In Conco, Italy, just north of the Asiago plateau, their native microclimate and soil produce dandelions that are particularly delicate, sweet and tender. They celebrate the appearance of tarassaco each spring with their "A tavolo con il Tarassaco di Conco" festival. Held in April and May, the restaurants of Conco offers menus that highlight their local dandelions, from appetizers to desserts, soups and risottos, stuffed roasts and salads. Miele di Tarassaco – the local honey – is the perfect accompaniment to a great aged Asiago cheese.
Here is a recipe for a simple Risotto al Tarassaco, flavored with some fresh spring onions. I had no dandelions in my yard, but purchased these at my local farm stand. I would have garnished this dish with the yellow petals of the flower, had I had some. Next time! I am sure to make this again.
Risotto al Tarassaco
1 tablespoon extra virgin olive oil
1 tablespoon butter
6 cups vegetable or chicken broth
1 spring onion, white bulb chopped into 1/4" dice, green stems thinly sliced
1 cup risotto rice (Vialone Nano, Carnaroli, Arborio)
1/2 cup white wine
1 bunch dandelion greens, washed and coarsely chopped
1/2 cup grated aged Asiago cheese
Combine the oil and butter in a heavy, large skillet over medium-high heat.
Warm the stock in a saucepan, covered to keep it from evaporating.
Add the chopped white bulb of the onion and cook until soft and translucent, about 2-3 minutes. Stir in the rice to coat with the oil, and cook for 1 minute.

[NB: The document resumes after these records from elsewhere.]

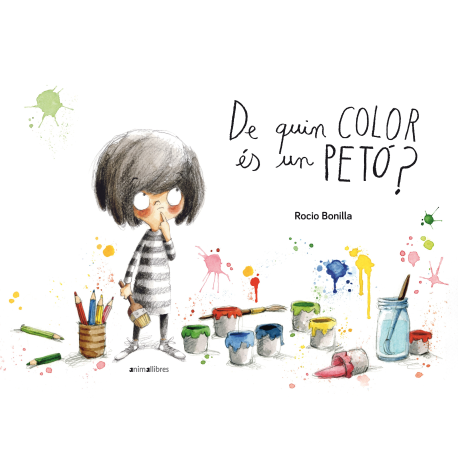 De quin color és un petó?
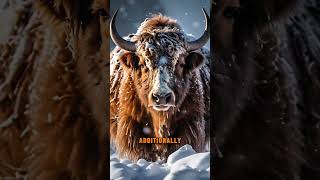 Yaks vs Extreme Cold How They Thrive at 40°C 🐂❄️ Himalayan Survival Secrets [upl. by Anerda447]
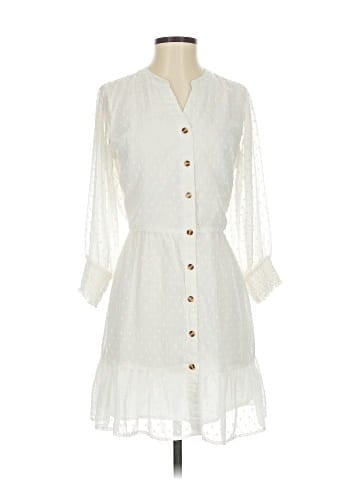 Speed Control Casual Dress (view 1)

Add the white wine and stir, cooking until absorbed by rice. Begin to add the broth, 1/2 cup at a time, stirring after each addition and waiting until the broth is absorbed by the rice before adding the next 1/2 cup.
After about 10 minutes of cooking, when the grains of rice are beginning to soften, stir in the chopped dandelion leaves.

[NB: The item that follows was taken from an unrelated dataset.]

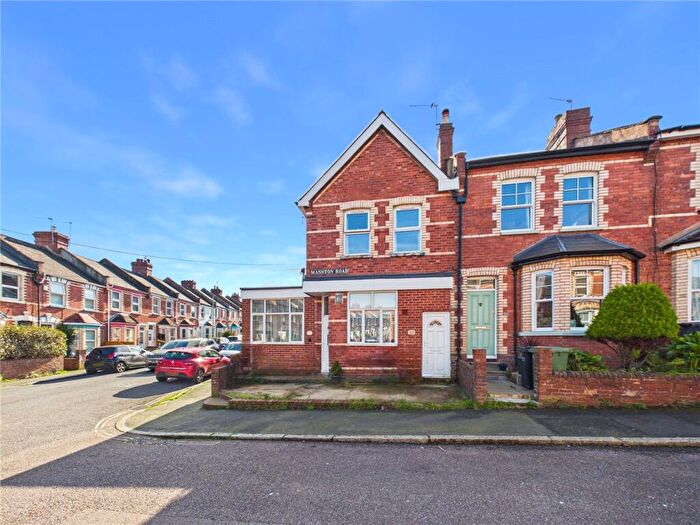 1 Bedroom Apartment For Sale In Manston Road, Exeter, Devon, EX1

When the rice is tender, but still firm to the bite – al dente, turn off the heat. Add in a last 1/4 cup of broth and the grated cheese. You likely will not use all of the stock – you should cook just until done, not until the stock is gone! The amount of cooking time will depend greatly on the type of rice, the age, and relative humidity, so use your judgement. Season with salt and pepper, garnish with the sliced green onion stems and any dandelion petals, and serve immediately.